[Raw data]
Start of Block

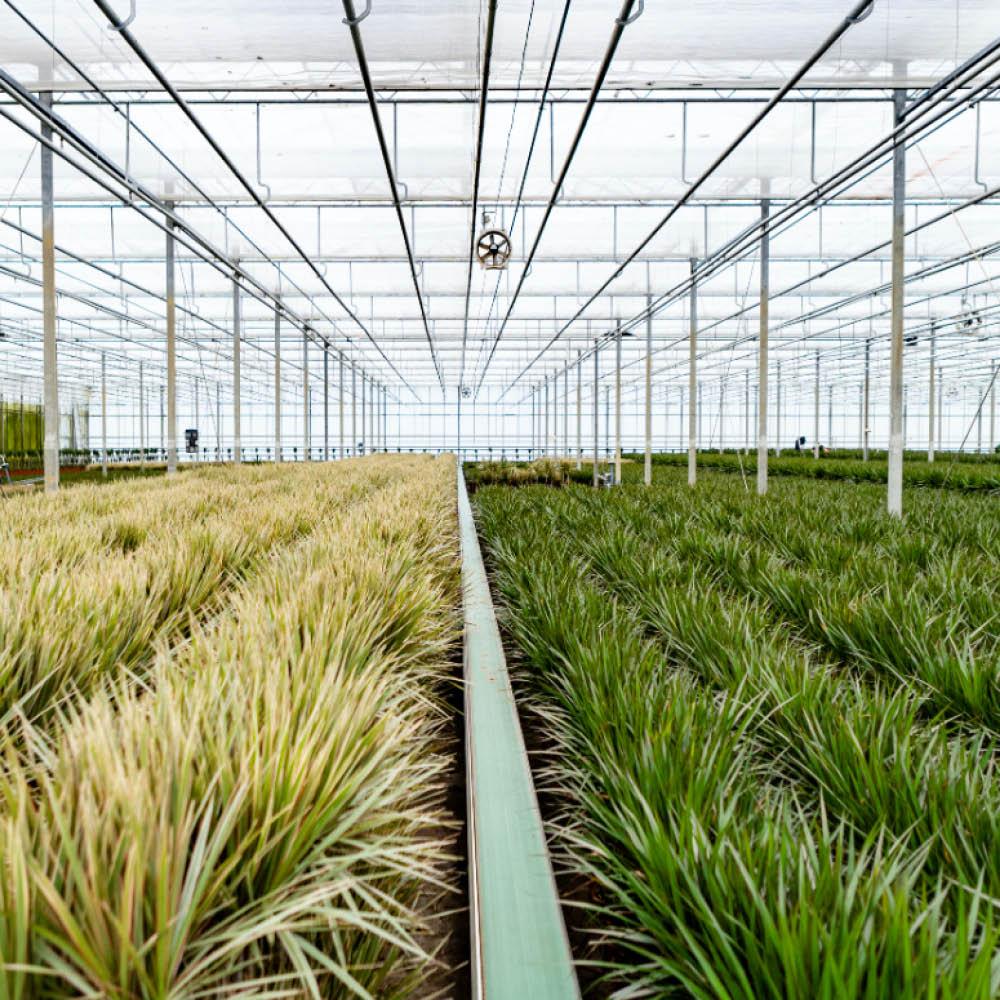 Dracaena – 120 cm – Ø21 + Dracaena – 70 cm – Ø17 - Botanic-Vibes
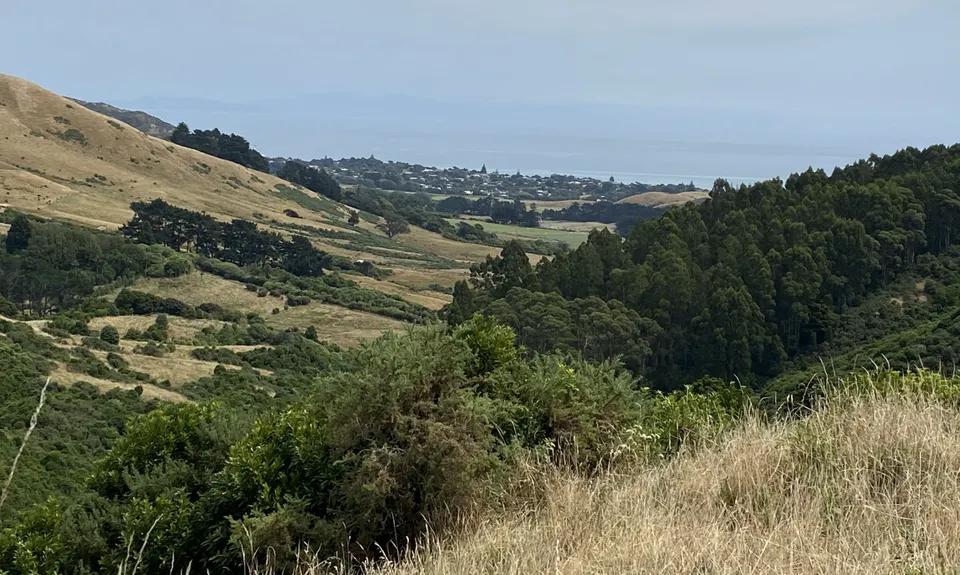 Perhams Road Loop, Wellington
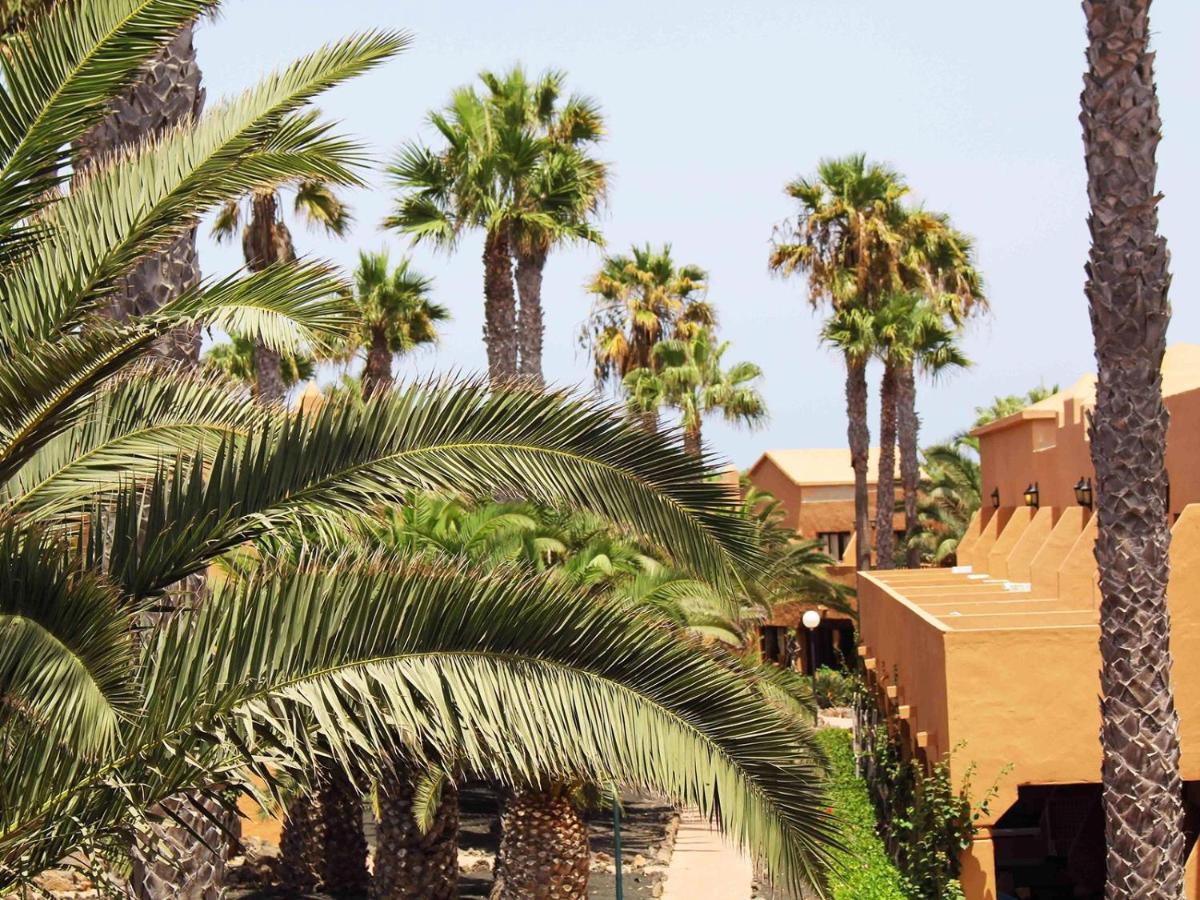 Family With Terrace - Oasis Duna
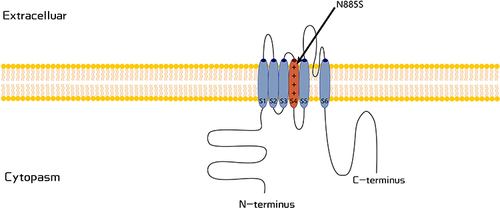 Figure 1 Schematic representation of the TRPA1 channel. The variant associated with represents as p.N855 in putative transmembrane S4.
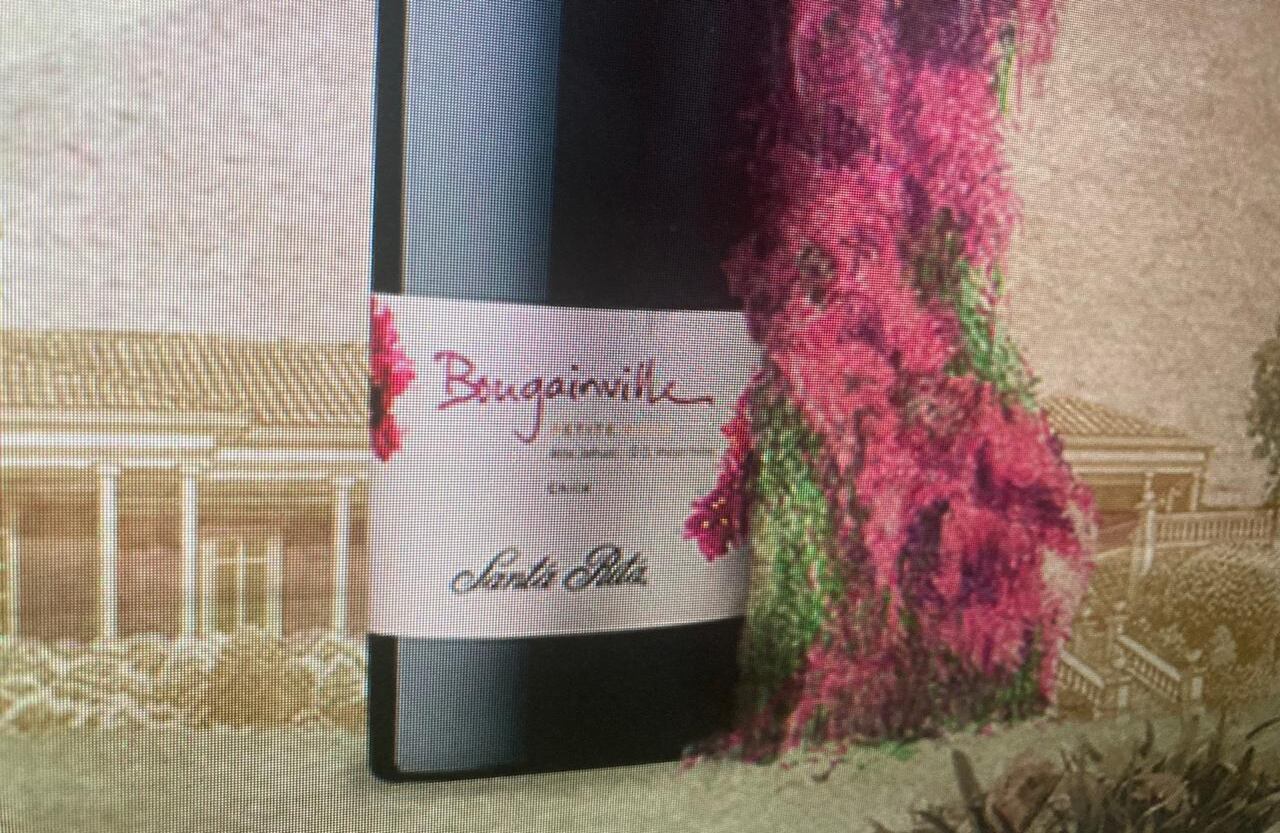Desconocido en Colombia, pero ‘de pura cepa’. Es el Santa Rita Bougainville, en su cepa Petite Syrah, es poco conocido en Colombia y típico del Valle del Ródano en Francia.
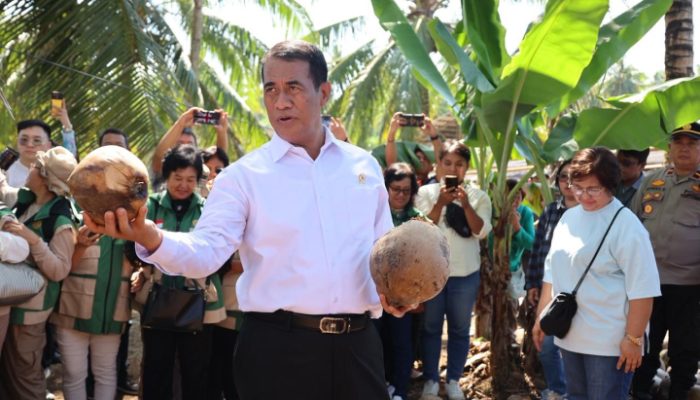 Mentan Temukan Ketidaksesuaian Bibit Kelapa di Manado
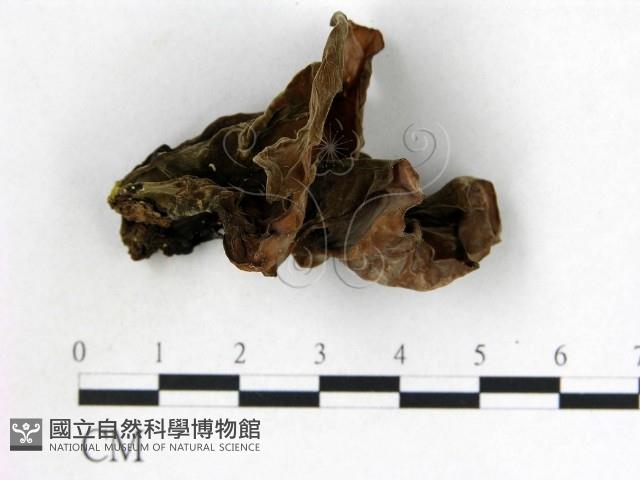 登錄號:F0001998藏品圖，第1張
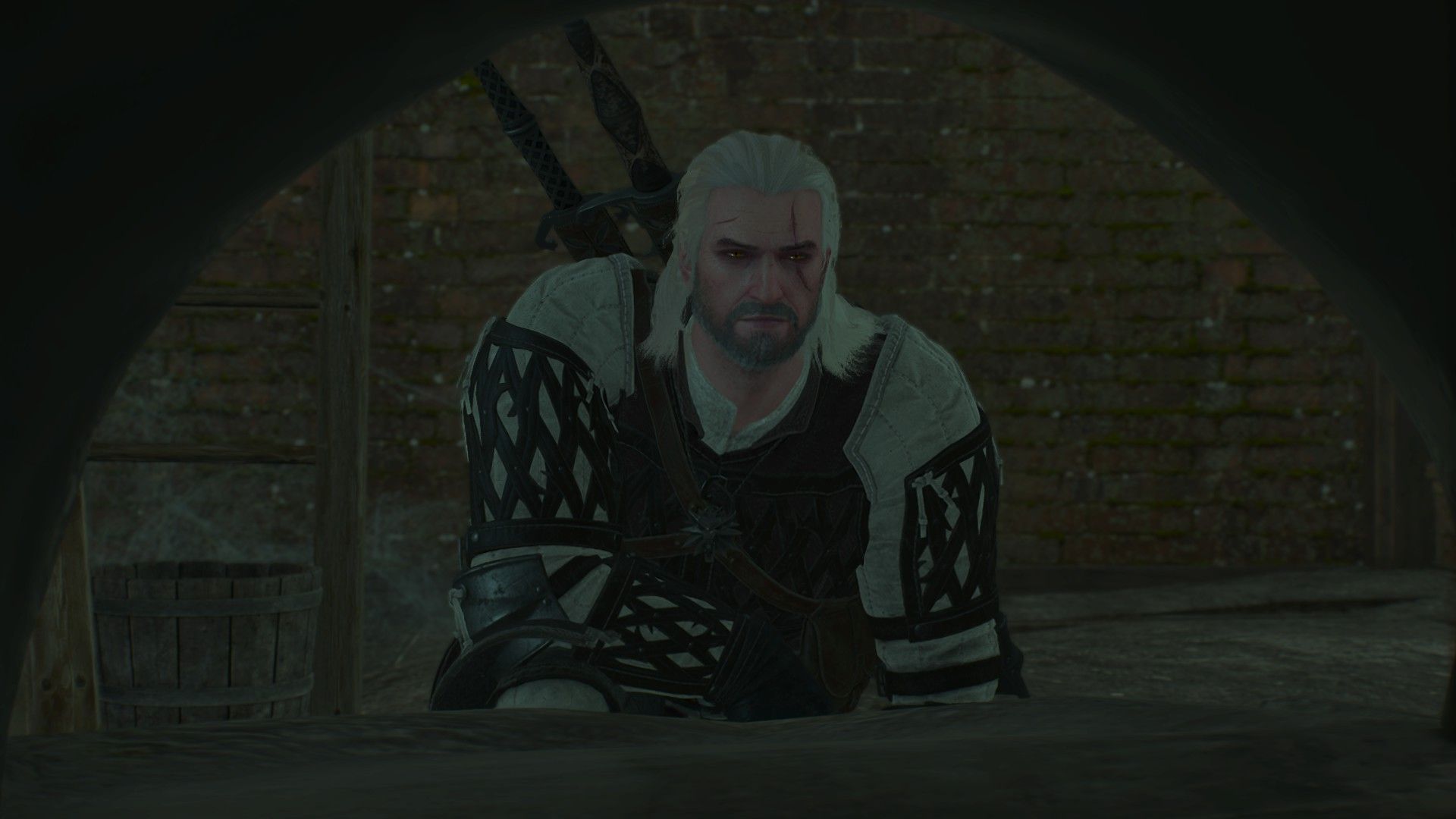 Geralt gives a bemused look as he peers into a stone oven in the basement of a brick-and-mortar house.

End of Block

[The problem] With the pictures omitted, copy the entries above exactly from the line containing "Figure 1 Schematic" through the line containing "登錄號:F0001998藏品圖，第1張", both lines included.

[Written reply]
 Figure 1 Schematic representation of the TRPA1 channel. The variant associated with represents as p.N855 in putative transmembrane S4.
Desconocido en Colombia, pero ‘de pura cepa’. Es el Santa Rita Bougainville, en su cepa Petite Syrah, es poco conocido en Colombia y típico del Valle del Ródano en Francia.
 Mentan Temukan Ketidaksesuaian Bibit Kelapa di Manado
 登錄號:F0001998藏品圖，第1張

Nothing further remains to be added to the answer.